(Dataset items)
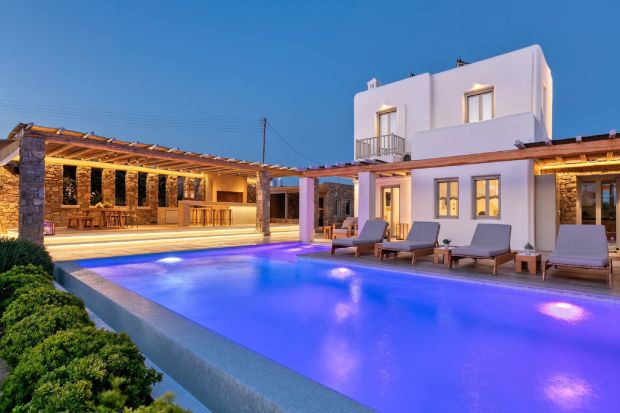 Mykonos luxury complex, rental villas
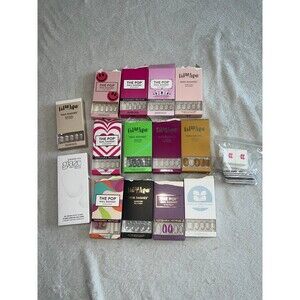 Huge lot of red Aspen nail dashes *read desc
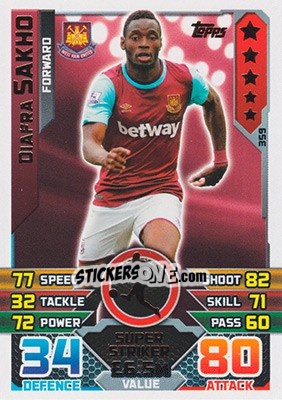 Sticker Diafra Sakho - English Premier League 2015-2016. Match Attax n. 359 - Topps
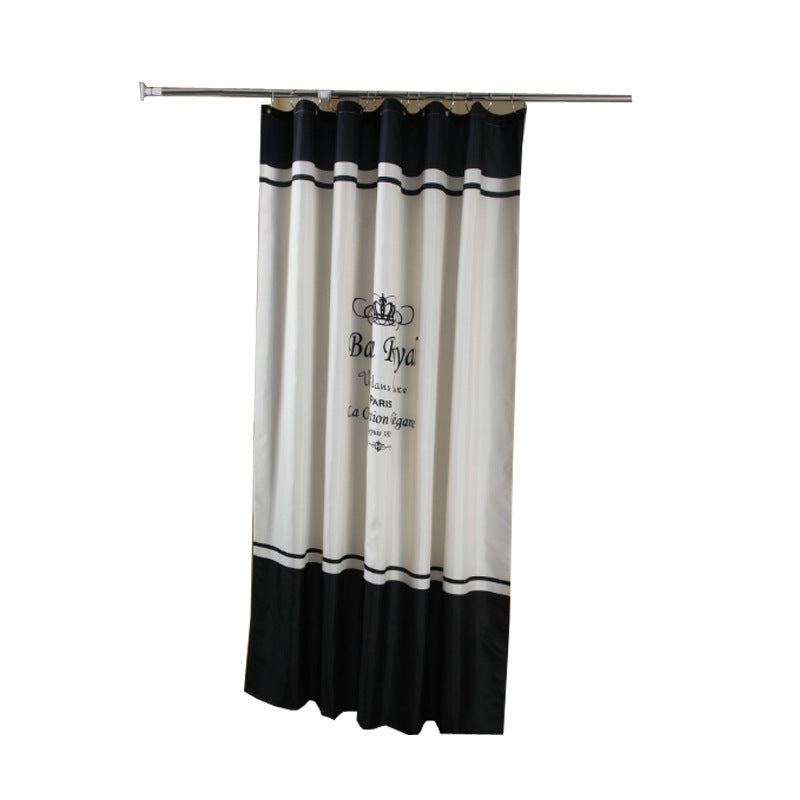 Waterproof Shower Curtain Spring Spun Polyester Shower Curta | Jewelry & Accessories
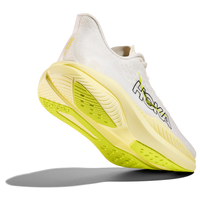 WOMEN'S HOKA MACH 6 | WHITE | NEON HOKA CITRUS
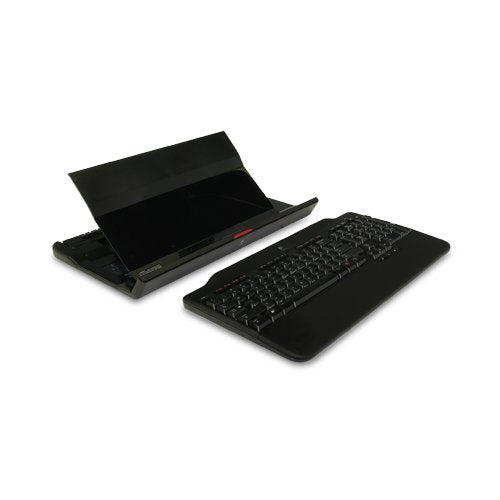 Logitech Alto Notebook Stand with Cordless Keyboard & USB Hub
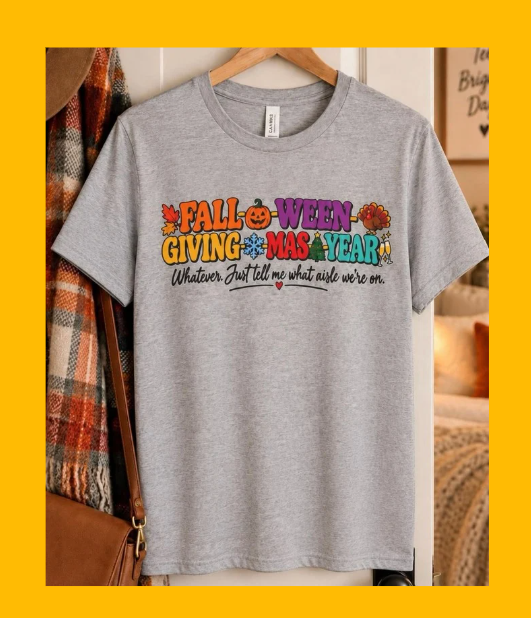 Fall-o-ween-Giving-Mas-Year Adult Unisex T-Shirt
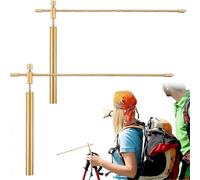 (As show, One size) Dowsing Rods Copper 1 Pair Smooth Rotation Divining Rods Solid Copper Rods Dowsing Rods Spiritual with Instructions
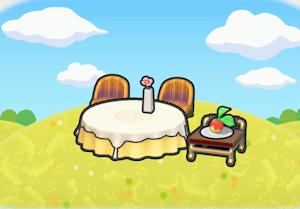 Das Essen ist serviert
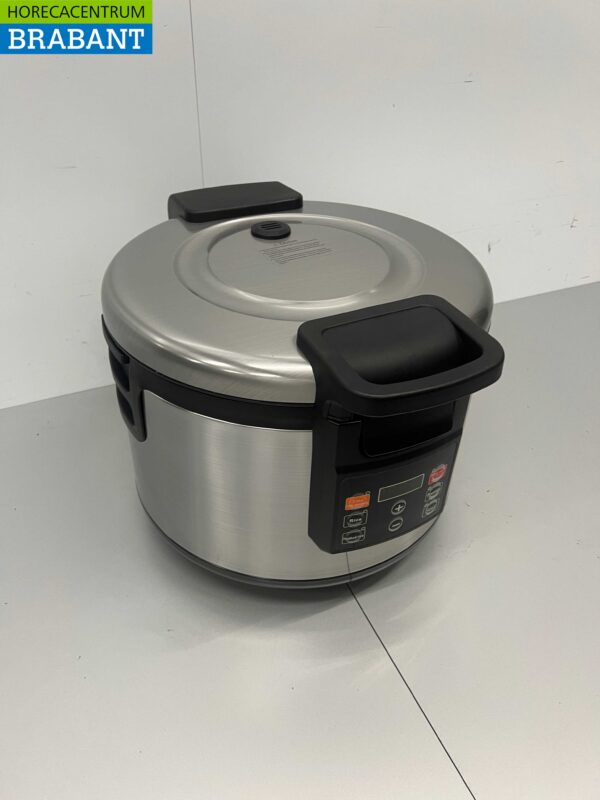 RVS Rijstkoker Rijstwarmer Digitaal display 19 liter 230V Horeca - Afbeelding 2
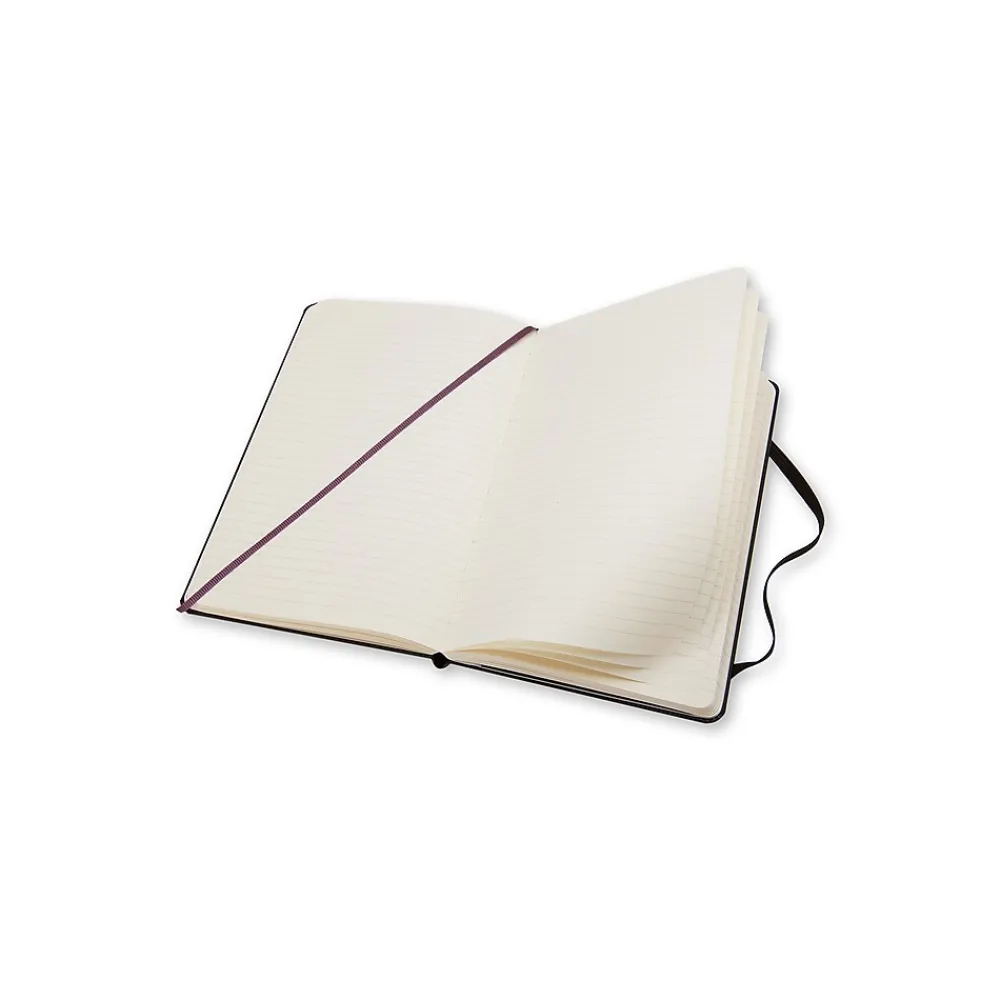 Notebooks|Moleskine 1-Subject Professional Notebook, 3.5" x 5.5", Narrow Ruled, 96 Sheets, Black (701009)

EXERCISE REQUIREMENTS: Drop the pictures and reproduce the rest of the entries above exactly.

SOLUTION:
 Mykonos luxury complex, rental villas
 Huge lot of red Aspen nail dashes *read desc
 Sticker Diafra Sakho - English Premier League 2015-2016. Match Attax n. 359 - Topps
 Waterproof Shower Curtain Spring Spun Polyester Shower Curta | Jewelry & Accessories
 WOMEN'S HOKA MACH 6 | WHITE | NEON HOKA CITRUS
 Logitech Alto Notebook Stand with Cordless Keyboard & USB Hub
 Fall-o-ween-Giving-Mas-Year Adult Unisex T-Shirt
 (As show, One size) Dowsing Rods Copper 1 Pair Smooth Rotation Divining Rods Solid Copper Rods Dowsing Rods Spiritual with Instructions
 Das Essen ist serviert
 RVS Rijstkoker Rijstwarmer Digitaal display 19 liter 230V Horeca - Afbeelding 2
 Notebooks|Moleskine 1-Subject Professional Notebook, 3.5" x 5.5", Narrow Ruled, 96 Sheets, Black (701009)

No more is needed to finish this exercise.